[BREAKDOWN] E1-6: How do you set greenhouse gas emission targets?
How do you set greenhouse gas emission targets?
Last updated: 08-08-2025
1. Introduction
When businesses report their greenhouse gas (GHG) emissions, setting clear and credible targets is just as important as measuring emissions accurately. GHG targets define a company’s ambition for reducing its climate impact and show stakeholders how serious the organization is about driving real change.
This article will help you understand:
✅ What greenhouse gas emission targets are and why they matter
✅ The different types of GHG targets and their strategic implications
✅ How to set emission reduction goals
✅ Common pitfalls to avoid when setting GHG targets
By the end of this article, you’ll have a better understanding of greenhouse gas emission targets.
2. What are greenhouse gas emission targets?
Greenhouse gas emission targets are specific goals set to limit, reduce, or neutralize the emissions of GHGs, such as carbon dioxide (CO₂), methane (CH₄), and nitrous oxide (N₂O), produced by human activities.

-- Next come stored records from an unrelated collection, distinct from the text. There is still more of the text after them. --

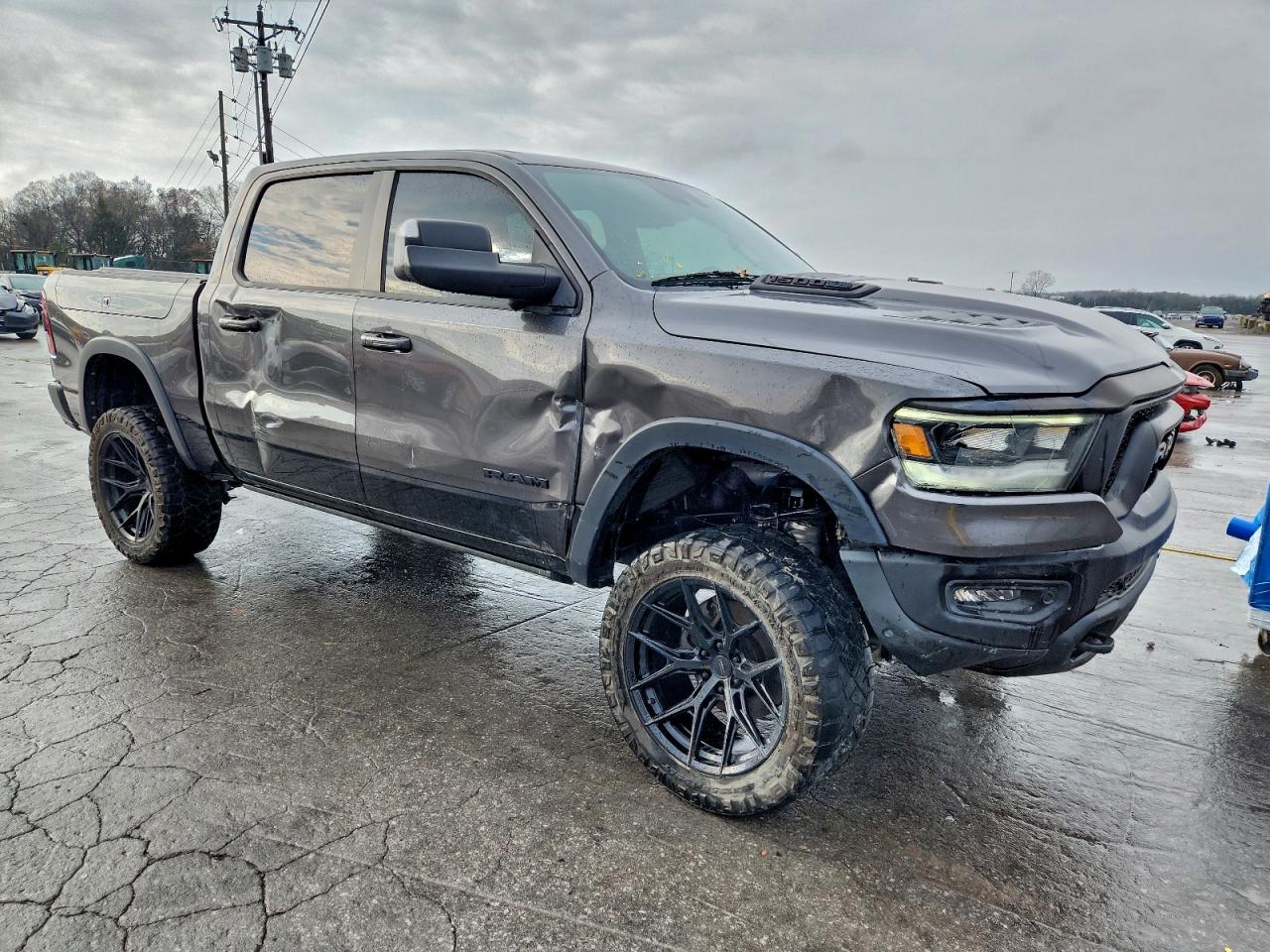 Ram 1500 Rebel Image 5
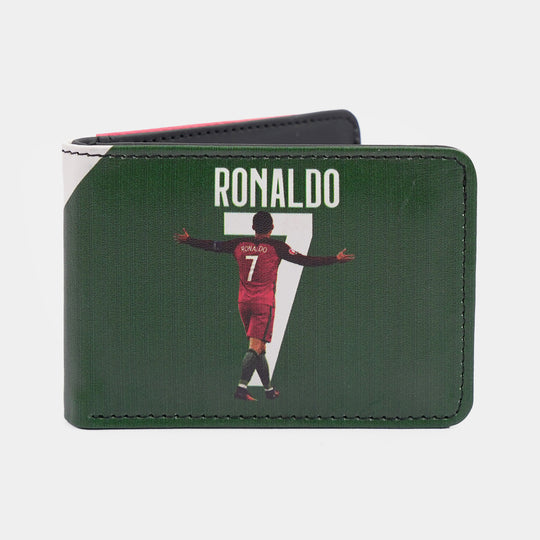 PRINTED WALLET FOR KIDS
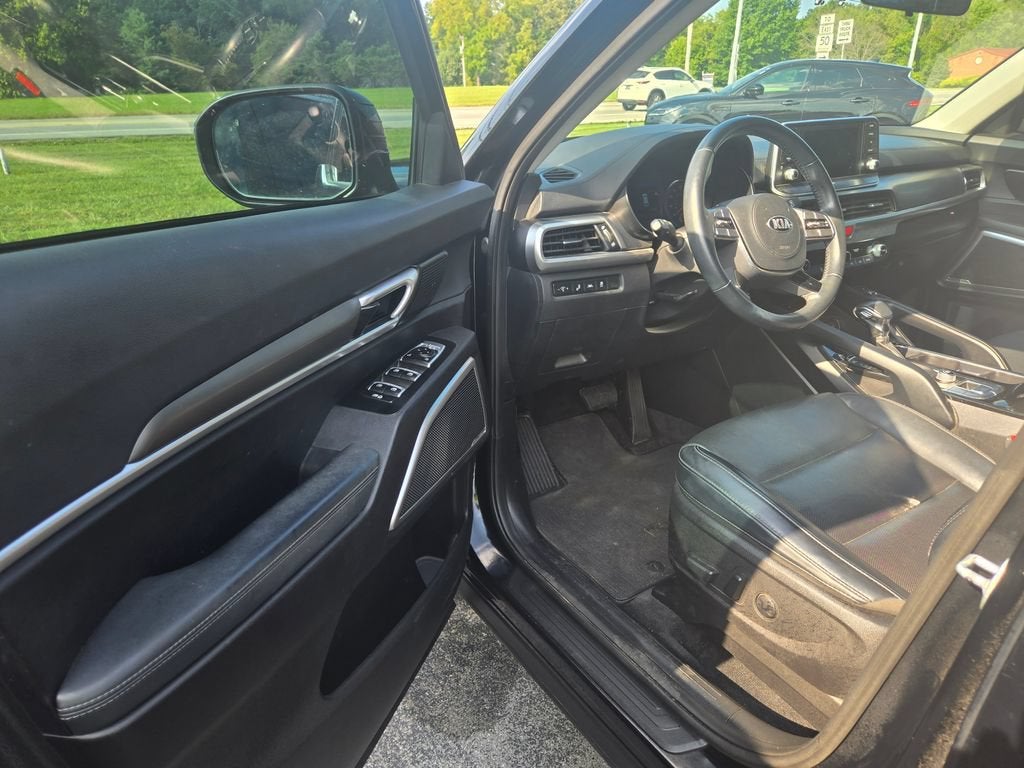 2020 Kia Telluride S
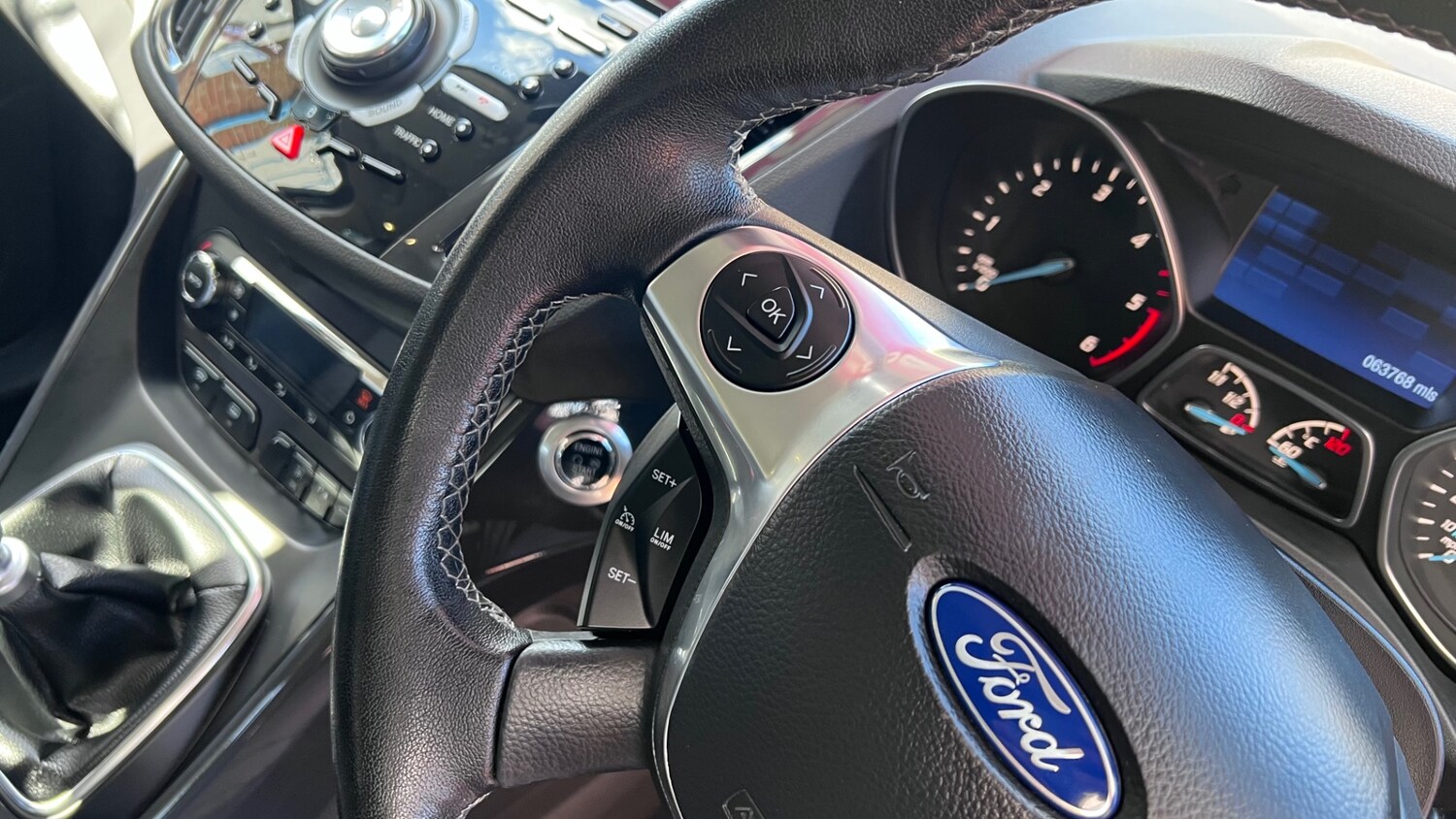 Used Ford Kuga 2014 for sale - 76065791: Photo 51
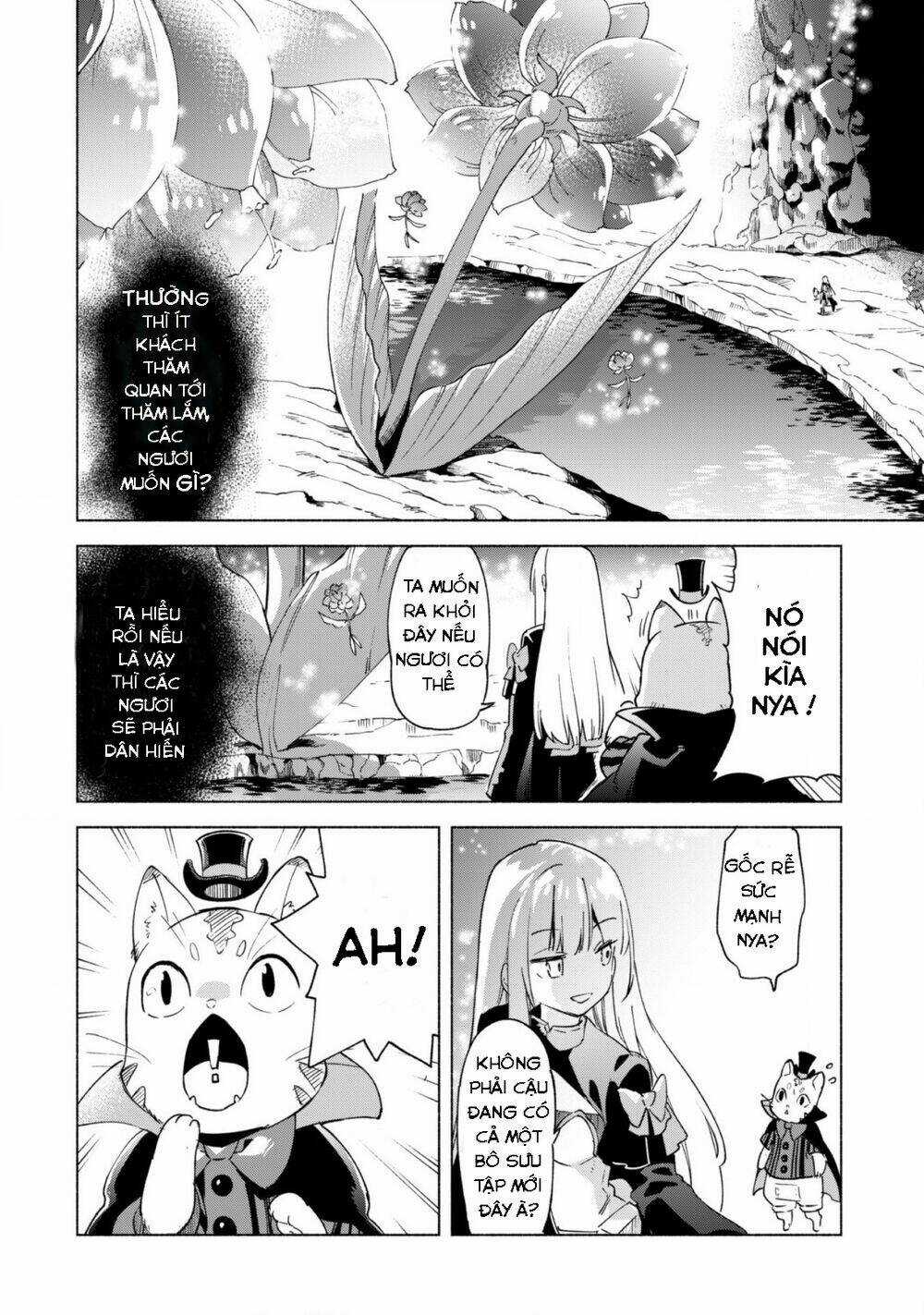 Kenja No Deshi Wo Nanoru Kenja Isekai! Chapter 41 trang 9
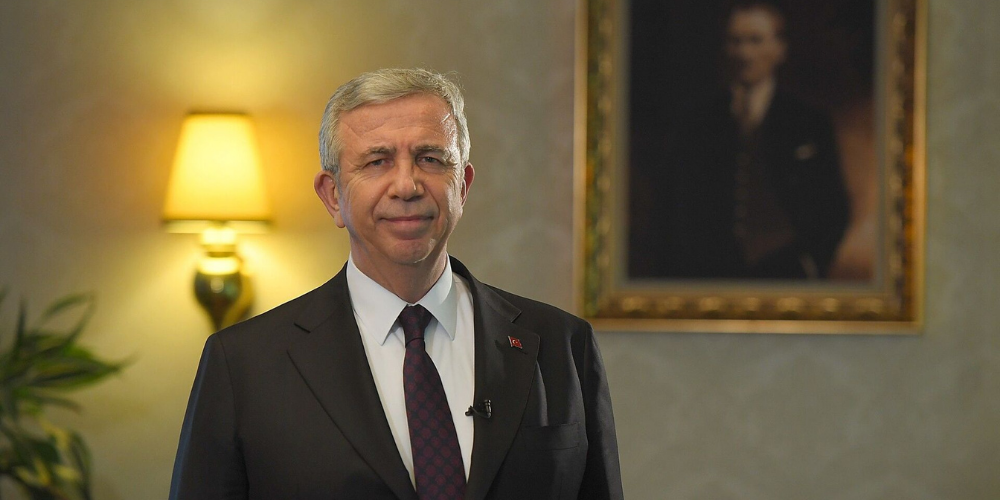 Mansur Yavaş: "Temizlik talebinde bulunan 265 okulumuzdan 106’sı geri çekti"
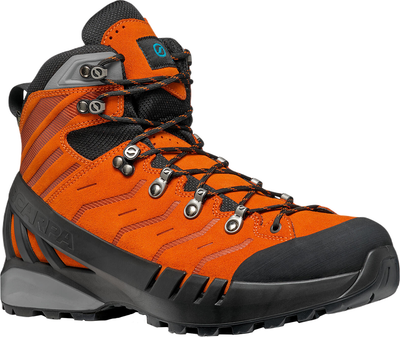 Ботинки Scarpa Cyclone-S GTX 41,5 Tonic/Gray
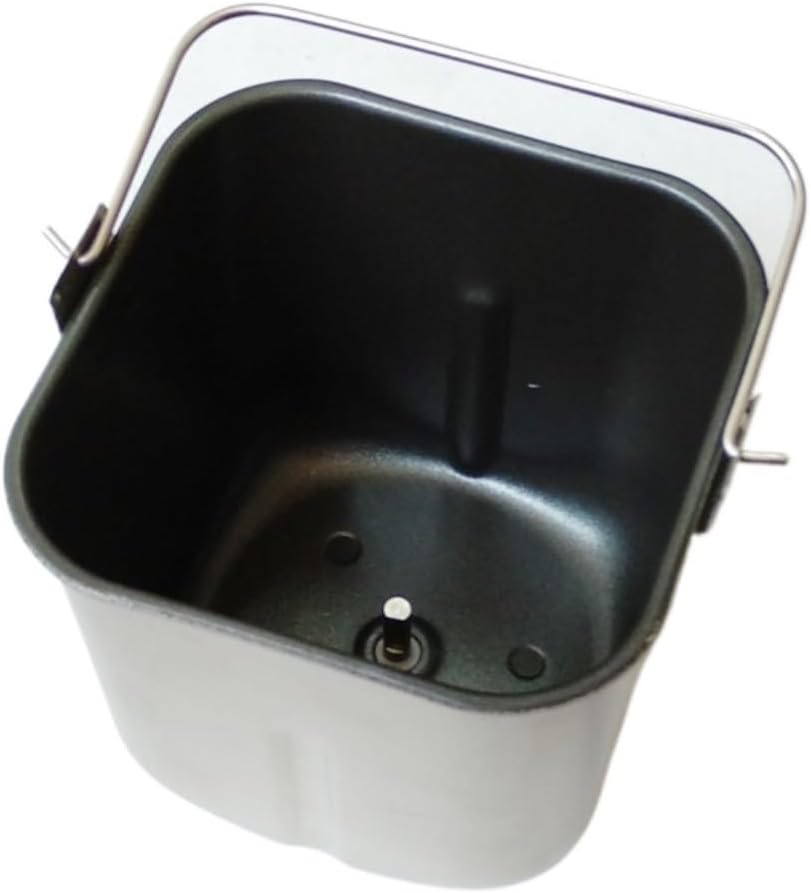 Suitable for bread machine bread bucket compatible with r-edmond rbm-1906 non-stick liner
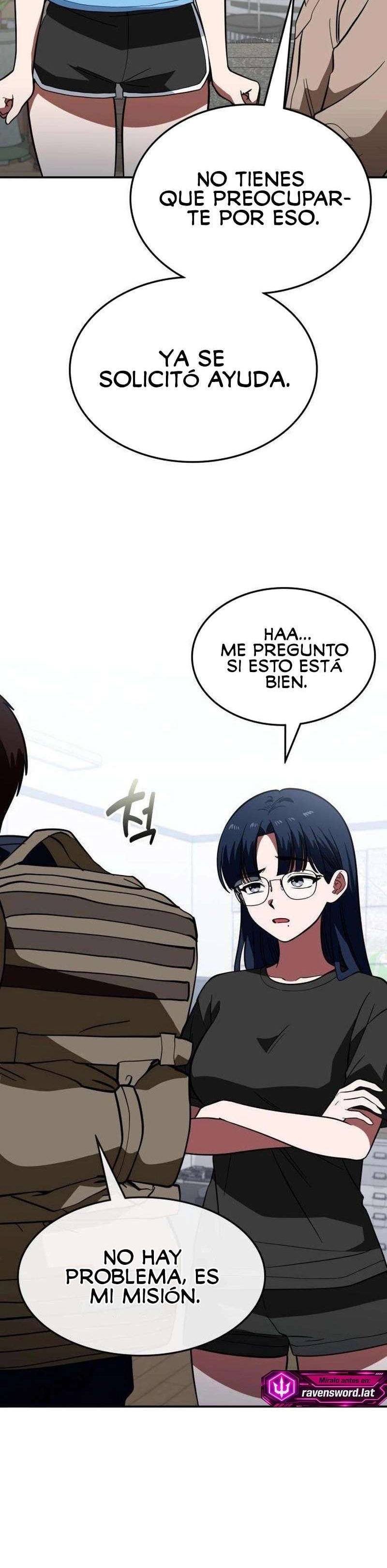 La princesa va a la escuela Capítulo 20 - Page 28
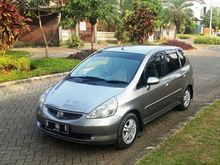 2005 Honda Jazz 1.5 i-DSI Hatchback
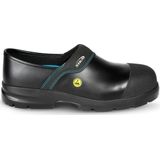 Sika - 8111 Flex Light - Werkklomp - Zwart - Permair® Leer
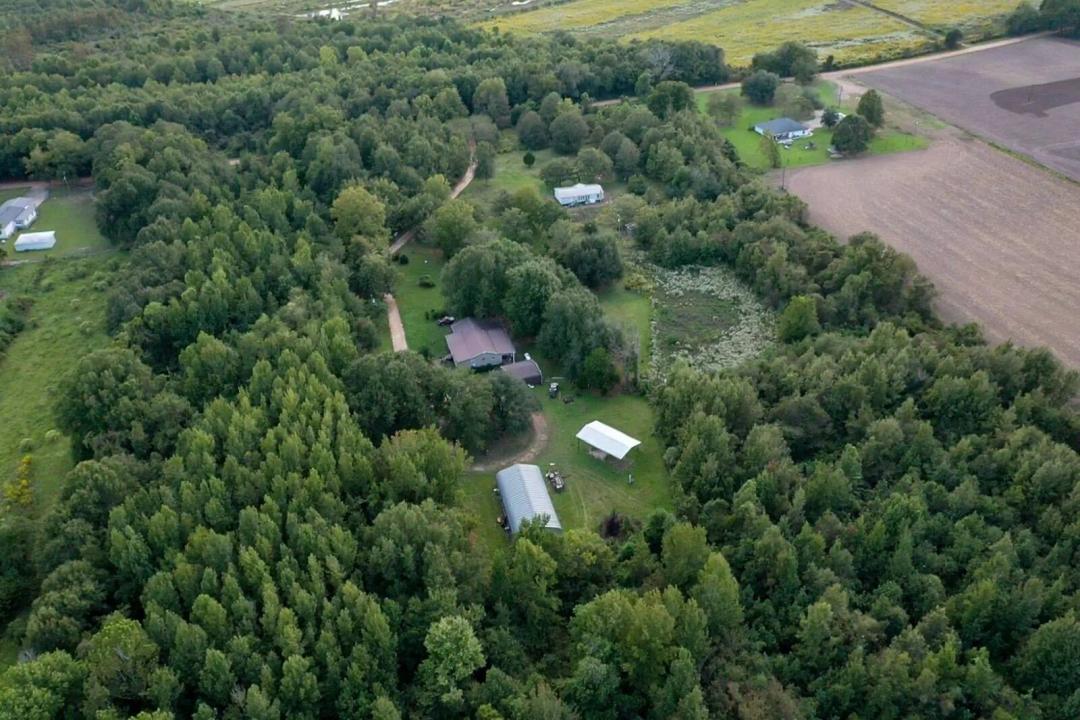 17+/- acres and home in Monterey
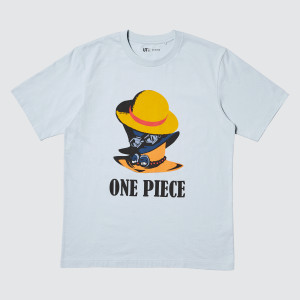 『ONE PIECE』×ユニクロ「UT」がコラボ！　エース＆ルフィの共闘シーンなど人気デザインが登場へ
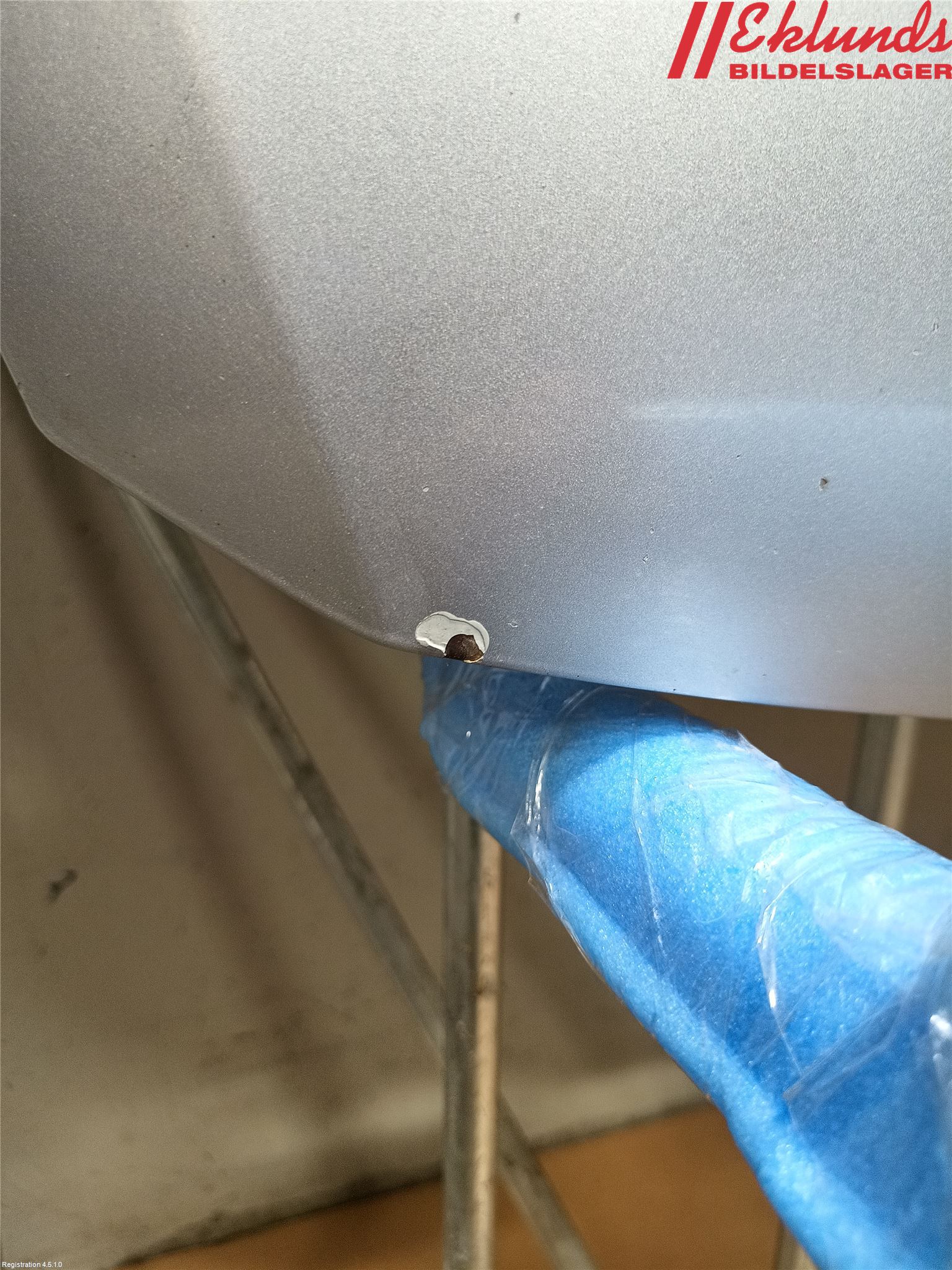 Ford FOCUS 11-14 Huv Fram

These targets are often expressed in absolute terms (e.g., reducing emissions by 50% by 2030 compared to 2018 levels) or in intensity terms (e.g., reducing emissions per unit of product or revenue).
Setting a GHG target involves deciding:
What baseline year to measure reductions from.
What scope of emissions (Scope 1, 2, and/or 3) to include.
What timeframe to achieve the reduction.
Whether to aim for absolute reductions, intensity reductions, or net-zero outcomes.
3. Why set greenhouse gas emission targets?
Setting GHG targets drives real operational, financial, and reputational benefits:
Moreover, setting clear targets fosters a culture of accountability internally. Goals encourage teams to think critically about how everyday operations impact the planet.
4. Types of greenhouse gas targets
There are several ways to define GHG targets. Each comes with strategic implications:
Absolute reduction targets signal a strong climate commitment because they require companies to cut emissions in total, even if the business grows. This often demands transformative changes in operations, supply chains, or energy sources. It can be more challenging but shows serious climate leadership.
Intensity reduction targets allow emissions to grow if business output grows faster. They offer flexibility, especially for rapidly expanding companies, but may be perceived as less ambitious.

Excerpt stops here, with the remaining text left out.